Agency: Schiavo wasn't abused, exploited
State investigators found no evidence that Terri Schiavo had been abused or exploited by either side of her family, according to documents released by Florida's Department of Children & Families.
The agency investigated 89 complaints dating to 2001, when Schiavo's feeding tube was removed for the first time and the legal battle surrounding her right-to-die case intensified.
The calls alleged that the brain-damaged woman was being mistreated by her husband and her parents for financial gain. One complaint alleged that Schiavo's parents were selling videos of her through a Web site; another said Schiavo's husband wasn't spending money intended for her rehabilitation.

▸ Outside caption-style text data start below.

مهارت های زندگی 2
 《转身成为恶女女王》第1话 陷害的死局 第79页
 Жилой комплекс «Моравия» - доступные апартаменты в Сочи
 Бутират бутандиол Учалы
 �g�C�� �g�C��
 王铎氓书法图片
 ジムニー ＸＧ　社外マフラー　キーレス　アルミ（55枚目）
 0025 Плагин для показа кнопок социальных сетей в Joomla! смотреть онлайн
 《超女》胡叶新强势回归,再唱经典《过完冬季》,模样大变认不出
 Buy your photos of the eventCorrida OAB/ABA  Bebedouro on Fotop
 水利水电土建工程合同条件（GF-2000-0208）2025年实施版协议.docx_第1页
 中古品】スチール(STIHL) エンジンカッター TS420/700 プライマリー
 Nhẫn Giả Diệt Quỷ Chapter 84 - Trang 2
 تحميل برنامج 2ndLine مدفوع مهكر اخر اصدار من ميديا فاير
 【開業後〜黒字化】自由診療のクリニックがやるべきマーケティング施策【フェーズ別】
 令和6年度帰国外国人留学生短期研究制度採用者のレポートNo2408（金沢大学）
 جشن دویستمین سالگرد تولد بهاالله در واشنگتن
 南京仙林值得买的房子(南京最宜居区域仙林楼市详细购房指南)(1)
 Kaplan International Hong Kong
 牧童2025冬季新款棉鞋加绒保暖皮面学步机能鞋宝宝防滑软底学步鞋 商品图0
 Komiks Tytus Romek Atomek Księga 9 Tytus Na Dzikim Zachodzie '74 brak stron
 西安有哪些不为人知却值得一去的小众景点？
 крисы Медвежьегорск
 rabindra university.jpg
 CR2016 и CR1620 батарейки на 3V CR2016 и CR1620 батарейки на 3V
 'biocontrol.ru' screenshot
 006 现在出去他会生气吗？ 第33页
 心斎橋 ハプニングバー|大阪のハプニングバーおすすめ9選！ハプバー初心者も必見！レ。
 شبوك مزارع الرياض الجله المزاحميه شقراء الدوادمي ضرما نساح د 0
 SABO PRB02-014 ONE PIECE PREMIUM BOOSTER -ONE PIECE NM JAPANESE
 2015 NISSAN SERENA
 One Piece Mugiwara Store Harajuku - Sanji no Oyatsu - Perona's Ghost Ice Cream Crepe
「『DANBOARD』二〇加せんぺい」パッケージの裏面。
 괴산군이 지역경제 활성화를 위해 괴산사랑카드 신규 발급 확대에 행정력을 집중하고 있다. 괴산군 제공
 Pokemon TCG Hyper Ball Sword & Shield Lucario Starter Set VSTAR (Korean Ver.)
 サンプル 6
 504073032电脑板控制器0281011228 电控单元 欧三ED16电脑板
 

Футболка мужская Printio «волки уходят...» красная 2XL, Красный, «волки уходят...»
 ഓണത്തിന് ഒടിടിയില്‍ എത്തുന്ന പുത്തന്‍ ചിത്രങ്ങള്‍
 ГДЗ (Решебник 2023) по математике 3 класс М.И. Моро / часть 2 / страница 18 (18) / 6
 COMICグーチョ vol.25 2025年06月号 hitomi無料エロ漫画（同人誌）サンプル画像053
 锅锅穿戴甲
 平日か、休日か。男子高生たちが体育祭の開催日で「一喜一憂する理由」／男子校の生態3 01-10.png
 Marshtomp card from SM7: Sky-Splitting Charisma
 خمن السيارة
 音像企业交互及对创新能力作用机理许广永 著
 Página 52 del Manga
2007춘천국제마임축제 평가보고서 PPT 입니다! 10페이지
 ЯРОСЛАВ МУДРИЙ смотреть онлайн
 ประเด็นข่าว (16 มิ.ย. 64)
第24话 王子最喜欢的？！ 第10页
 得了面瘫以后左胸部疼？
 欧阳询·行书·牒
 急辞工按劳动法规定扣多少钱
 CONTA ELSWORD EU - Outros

But investigators said they found no evidence that either her husband or parents were exploiting her, and often noted in their records that they found Schiavo well cared for on their visits to her Pinellas Park hospice.
The agency released the records Friday under court order.
Reports: Airport security hasn't improved
Security at U.S. airports is no better under federal control than it was before the Sept. 11 attacks, a key House member says two government reports will conclude.
The Government Accountability Office -- the investigative arm of Congress -- and the Homeland Security Department's inspector general are expected to soon release their findings on the performance of Transportation Security Administration screeners.
"A lot of people will be shocked at the billions of dollars we've spent and the results they're going to see, which confirm previous examinations of the Soviet-style screening system we've put in place," Rep. John Mica, R-Fla., told The Associated Press on Friday.
Mica chairs the House aviation subcommittee and was briefed on the reports.
The TSA won't comment on the specifics of the reports until they are released, spokesman Mark Hatfield Jr. said.
Officials say student fell from fifth-floor ledge
A U.S. Naval Academy student found dead earlier this month fell more than 60 feet from his dormitory's fifth-floor ledge, academy officials said.
The body of Midshipman 2nd Class Jay Michael Dixon, 21, of Destrehan, La., was discovered April 9 outside the building that houses the school's 4,000 midshipmen. He was pronounced dead at the scene.
Academy officials said Friday they found no evidence of foul play.
Dixon, a third-year midshipman, was a physics major and a member of the campus radio station. He joined the academy "because he loved his country dearly," his aunt, Donna Hendley, told The Washington Post.
In February, a judge dismissed a wrongful death lawsuit against the Navy filed by the family of a student who had fallen more than 50 feet from his dorm window in 2002. Since then, safety devices have been installed on windows.
Lawsuit: AOL monitor seduced teen online
An Internet chat room monitor hired to keep children safe from sexual predators seduced a California girl online and was about to meet her for sex when he was found out by a co-worker, a lawsuit charges.
According to documents filed April 1 in Los Angeles Superior Court, the online relationship began when the girl was 15. She met the AOL employee in a children's chat room and confided in him about her parents' divorce and her troubles making friends.
They were preparing to meet on the girl's 17th birthday when one of the monitor's co-workers became suspicious and prevented the encounter.
The lawsuit charges AOL and its parent company, Time Warner Inc., with failing to supervise the employee and of falsely advertising that its online service was safe for children.
America Online spokesman Nicholas Graham said the company fired the monitor and contacted authorities after learning of the situation in April 2003. The man, who was 23 when he met the girl online, has not been charged with a crime.
Newspaper warns about comic's content
The Star Tribune warned its readers Saturday that some might be offended by a comic strip about the Red Lake Indian Reservation shootings.
In the syndicated "La Cucaracha" strip that also ran Saturday, a teacher asks what President Bush might have said to console those affected by the shootings last month which left 10 people dead, including the teenage gunman.
One student answers, "I'm really so sorry you're not an Anglo suburban reservation." Another says, "You shoulda stuck to arrows." A third says, "Pow? Wow!"
Editor Anders Gyllenhaal, in a note to readers, said the paper was not aware of the topic of the comic strip until after the section had been preprinted. He said the paper gives broad latitude to comics and rarely pulls a strip, but it wanted to recognize that some readers could find the cartoon inappropriate.
Earthquake shakes southern part of state
A magnitude-5.1 earthquake struck in Southern California on Saturday and could be felt dozens of miles away in downtown Los Angeles, but there were no immediate reports of injuries or damage.
The quake struck at 12:18 p.m. and was centered about 13 miles east of Maricopa and 25 miles south-southwest of Bakersfield, according to a preliminary report from the U.S. Geological Survey.
Maricopa is about 85 miles northwest of Los Angeles.
There were no immediate reports of damage or injuries, a Kern County Sheriff's Department supervisor said. A spokesman for the Los Angeles city fire department said he received no damage reports.